Where’s the Harmless Fun?

This Is My Halloween Costume T-Shirt & Hoodie | I Love Apparel

I am wearing my Halloween T-shirt today, the one that says “This Is My Halloween Costume!” And we’re equipped with Reese’s Cups in case any trick-or-treaters show up, although I don’t expect them to. And maybe this afternoon we’ll watch The Mummy (the real one, with Boris Karloff) or some other horror classic.

Why do this? Why try to have fun on Halloween?

Oh, I don’t know! To take our minds off the real monsters who are coming after us in this election? The Mummy always gets smacked down at the end of every Mummy movie; but just try getting rid of Chuck Schumer. And speaking of the Mummy, have you seen Joe Biden lately?

I have happy memories of Halloween. When I was four or five years old my parents got me a Donald Duck costume and took me trick-or-treating. I was convinced I looked exactly like Donald Duck! And we still have photos of my sister, Alice, in her cowboy costume.

What was so bad about that?

And every Halloween my father would take us for a drive around downtown New Brunswick, where they had an annual contest of painting Halloween scenes on the shop windows.
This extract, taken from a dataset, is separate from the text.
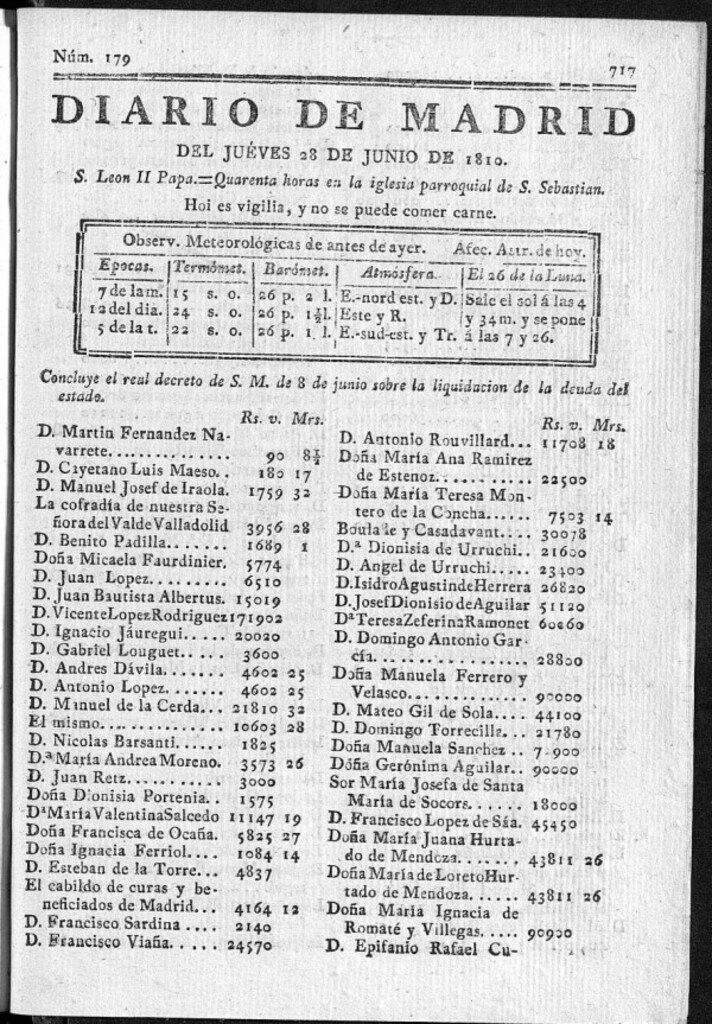 Miniatura de Diario de Madrid del jueves 28 de Junio de 1810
But our whole culture has been massively corrupted since then, and Halloween has not escaped unscathed. It’s like those new, modern horror movies that lay claim to sophistication because there’s a lot of cruelty and everybody gets killed. Blah-blah.

Well, here at Chez Leester, we’re going to have what fun we can, and for a few hours try to ignore the real monsters who want to eat our country. We had to special-order my Scary Shapes Mallowcremes, couldn’t find ’em in the stores–and just for a very little while, pretend the monsters will be gone next morning.

Halloween, 2020: Not Up to Snuff

20 of the Best Items in Truly Scary Halloween Decor

People were happier last year. They had more fun.

We’ve just come back from our annual drive around our town to gawk at Halloween decorations; but there isn’t much to see this year. Even the side streets that had really spiffy decorations last year could only mount a half-hearted effort for 2020.

Why is that?

Well, for one thing, we have an election looming up that will land us very badly in the soup if the Far Left Crazy wins. Ghosts and monsters can’t compete with Democrats when it comes to scaring people. And for another, too many of us lost a terrible amount of money–and morale–when Our Experts decided we could beat COVID-19 by shutting down the national economy. The virus is still here, but a lot of small businesses aren’t. And the Dems are talking about shutting down again. Our misery really turns them on, big-time.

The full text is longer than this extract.